Something else changed in me that summer. There was the “vision,” yes, but also something else. I felt like I had grown up, which is ridiculous, I guess, because I was only twelve years old. Nonetheless. I felt different. Stronger. More assured. And less lonely — because of Issy, who all of a sudden started coming over to my house. Which brings us back to Issy, who for some reason remains entangled among my thoughts even to this day. Not every thought, no, but thoughts of family, of my parents, and the frightening and attractive idea of having a child.

Havi had apparently grown tired of him. It was bound to happen sooner or later. Yet our subsequent friendship was surprising to me. But also ennobling. Can I say that? Yes. Ennobling. Because he brought out something good in me, and so I was good to Issy. Or as good as a twelve-year-old can be, or be aware of. I was certainly aware that he was good, and not just to me. Just plain good. So when Havi got a girlfriend — who was three years older than him, by the way, which seems so wrong to me now (then again, his mustache had sprouted, on the sides of his lips mostly, a thin hint of a mustache, his mouth in a whisper of parentheses, so he did look older than he was), my point: Havi dropped Issy like a toy he got tired of. And it just so happened that around this time I was playing less and less with action figures, my Star Wars figures propped on shelves, like trophies from much younger days, and no longer climbing from my pockets. I swear it had something to do with that ceiling. Lost innocence? Too much? My point is simply that Issy’s timing was good when one sunny day, after Sunday church, he asked to come over to my house.

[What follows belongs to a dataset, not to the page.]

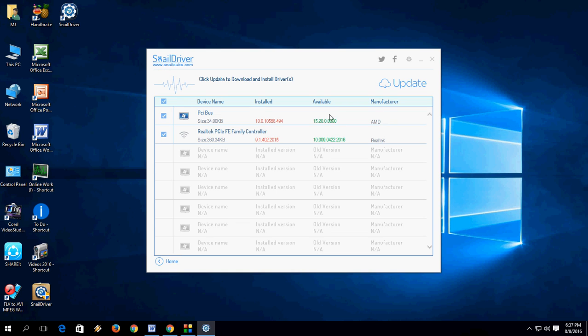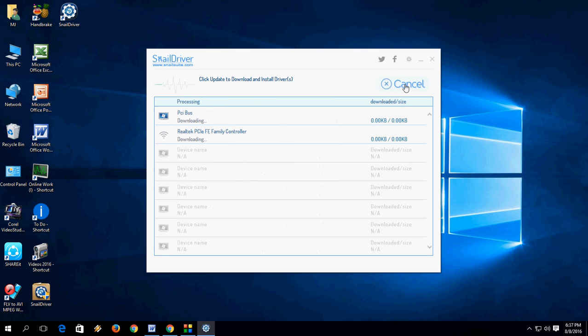So if you find any driver that's outdated or not installed, just tap here to update. Select here and tap on update, and here is the process going on.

This happened right around the same time Mom first got what she called body tired. “My whole body is tired.…” How could we know she was sick? She was tired.

I said, “Mom, you know Issy.”

This was in the front hallway of the church, by a large pastoral painting. Mountains. Blue sky. Green grass. A lake. But no people. Not one person. The kind of painting you see in a thrift store, and wonder who painted such a big, boring, and unpeopled painting? And why such an elaborate wooden frame? What good is the view with no people? An Eden with nobody in it. Just waiting. We prayed daily for the end of the world, and here’s what the world might have looked like before we got there.

Mom said, “Of course, sweetie, is your mother here?”

“No, she no here,” Issy said.

I said, “Issy wants to come over.”

“To hang out,” he finished my thought.

It was plain that this tickled my mother, and she could hardly hold back her smile. I didn’t have lots of friends, hardly any in my own neighborhood, which was only walking distance from Issy’s, it turned out, and, especially since what had happened onstage. I was “weird.” Even the kids at school had found out. Who told them? Mom didn’t like to talk much about what had happened, and maybe this is why I especially felt so much love for her. Not that I loved Dad any less. It was complicated. Mom said my sermon had been lovely, even “inspiring” to the other kids in the congregation. But it had scared her. Dad scared her, too. How he then insisted that our family Bible study should happen twice or three times a week, from now on, not just once anymore, and how he would look at me, right into my eyes, like he might find some revealed secret there. He insisted I had a gift for communion. Take this seriously . A friend could only be a good thing.